One of things Perseus is big on is page-based programming, where each separate view in your app is a completely separate page, since this lets you manage their states all independently. However, one of the thing that needs to happen for you to be able to work like this is routing: you need to be able to go from one page to another.

Under the hood, Perseus uses a slightly modified version of Sycamore's router, which means you can use typical Sycamore conventions for both imperative and declarative routing.

Declarative routing

Declarative routing is when you create an element that will cause routing when it's clicked, and then, when the user clicks it, the routing occurs. In HTML, you would do this by creating a simple anchor tag (<a>) with an href property equal to where you want to go, and this is...well, exactly what you do in Perseus too! The Sycamore router will automatically detect any links in your app and appropriate them from the browser, so that Perseus can use its special routing behavior to minimize page load times and improve performance (since we know more about the structure of the app than the browser). A link looks like this:

a(href = "about") { "Click me to go to the about page!" }

Remember though, Perseus sets a <base /> tag that tells the browser to treat all routes as relative to the root of your site. So, if you're at /my/test/page, routing to foo will go to /foo, not /my/test/foo! This is an important difference between Perseus and a lot of other frameworks. (The reason it's like this is to make it much easier to deploy Perseus under a relative path, like framesurge.sh/perseus.)

Imperative routing

Sometimes, you'll need to write some code that causes a route change, which you can do with the navigate function, which is re-exported from the sycamore-router package for convenience. You provide this function with a route, and it will take you there! If you want to replace the current page in the navigation history, which you can understand by imagining the browser history as a stack of plates that you add things to (navigate adds a new plate, replacement navigation replaces the previous plate, meaning the user can't press the back button to go back to it), you can use navigate_replace.

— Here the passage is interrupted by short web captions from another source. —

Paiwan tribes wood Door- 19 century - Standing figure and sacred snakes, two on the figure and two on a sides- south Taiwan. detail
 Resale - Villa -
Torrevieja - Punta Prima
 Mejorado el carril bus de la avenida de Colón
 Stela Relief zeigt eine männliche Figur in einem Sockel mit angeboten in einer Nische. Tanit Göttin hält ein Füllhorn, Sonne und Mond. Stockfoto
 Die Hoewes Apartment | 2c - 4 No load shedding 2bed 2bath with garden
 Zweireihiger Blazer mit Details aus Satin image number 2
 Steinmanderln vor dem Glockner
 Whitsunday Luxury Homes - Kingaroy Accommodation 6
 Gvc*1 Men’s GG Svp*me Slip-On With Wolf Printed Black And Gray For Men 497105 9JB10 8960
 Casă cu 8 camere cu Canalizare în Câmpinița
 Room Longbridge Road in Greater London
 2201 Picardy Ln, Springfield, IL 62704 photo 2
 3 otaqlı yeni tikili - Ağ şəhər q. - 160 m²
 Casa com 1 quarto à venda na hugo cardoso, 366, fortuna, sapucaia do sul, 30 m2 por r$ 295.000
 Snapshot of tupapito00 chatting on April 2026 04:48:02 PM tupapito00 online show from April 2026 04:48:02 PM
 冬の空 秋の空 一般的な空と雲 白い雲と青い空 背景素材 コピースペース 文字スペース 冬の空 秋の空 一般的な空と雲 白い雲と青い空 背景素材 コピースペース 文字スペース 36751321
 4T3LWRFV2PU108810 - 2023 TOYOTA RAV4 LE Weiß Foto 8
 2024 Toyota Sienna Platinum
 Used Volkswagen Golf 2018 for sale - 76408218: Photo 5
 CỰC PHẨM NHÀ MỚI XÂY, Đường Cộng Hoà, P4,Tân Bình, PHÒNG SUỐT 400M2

Generally, you won't have a need for this though, as it's really only used in hard redirects and locale redirection (which is handled automatically by Perseus).

Localized routing

If you're using internationalization, there are a few quirks of routing you should be aware of, which are covered in greater detail on this page. As a summary, put all your links (in hrefs, in navigate() calls, etc.) in the link! macro, which will prepend the current locale to make sure the user ends up in the right place.